**Recorded data**:
#####

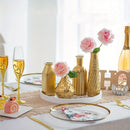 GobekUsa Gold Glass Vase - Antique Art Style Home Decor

#####

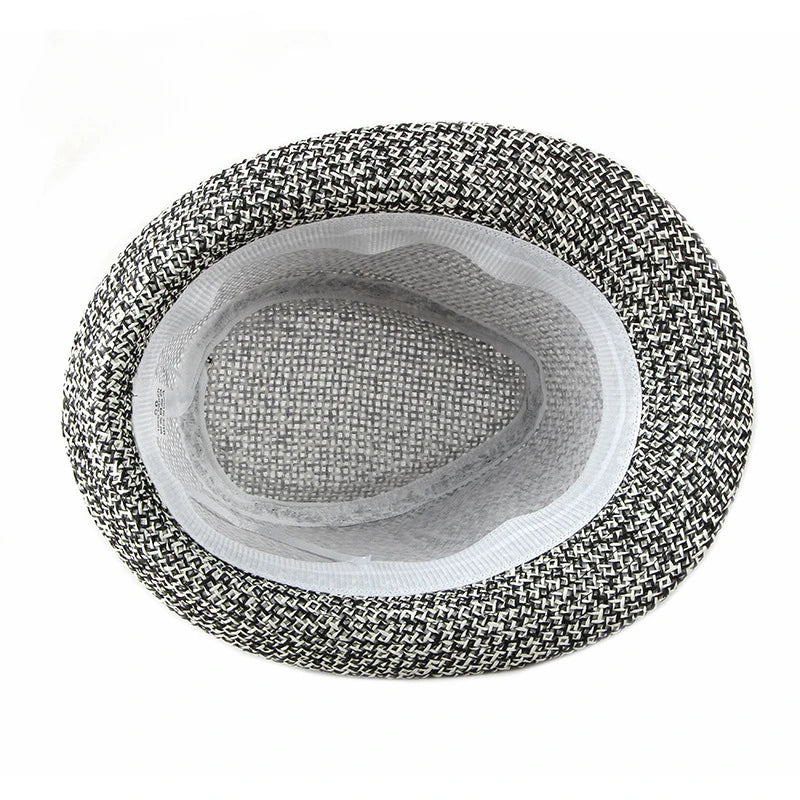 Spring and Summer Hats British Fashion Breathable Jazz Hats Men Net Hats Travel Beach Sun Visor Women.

#####

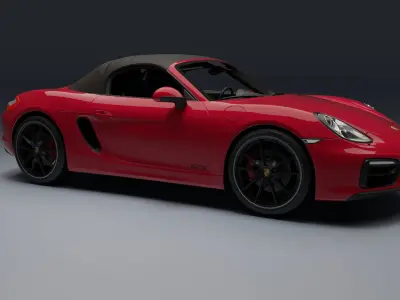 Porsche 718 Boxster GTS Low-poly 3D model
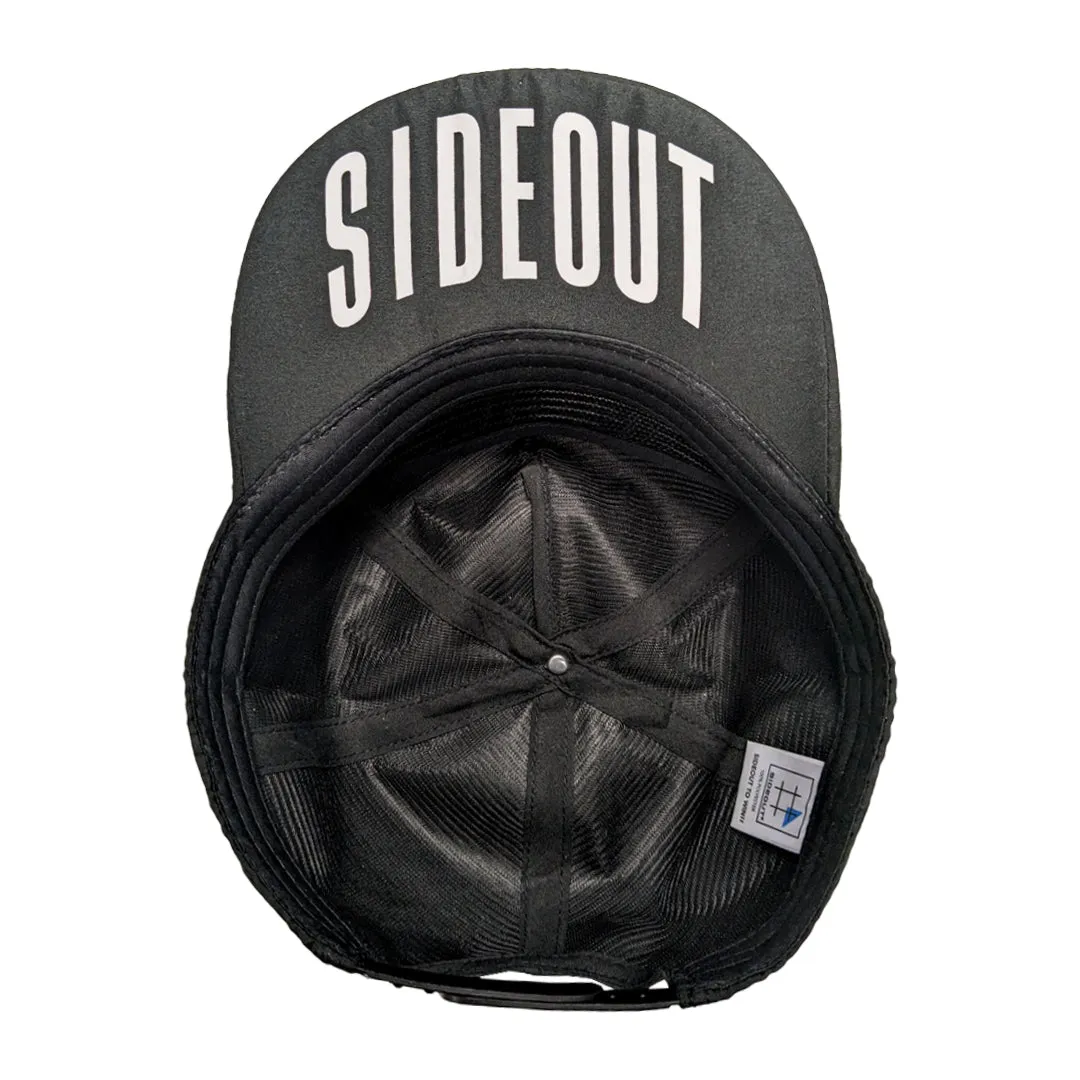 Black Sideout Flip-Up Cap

#####

**Exercise brief**:
Working from the records above, set down word for word everything from the line containing "Porsche 718 Boxster GTS Low-poly 3D model" down to the line containing "Black Sideout Flip-Up Cap", ends included, minus the pictures.

**Exercise response**:
 Porsche 718 Boxster GTS Low-poly 3D model
 Black Sideout Flip-Up Cap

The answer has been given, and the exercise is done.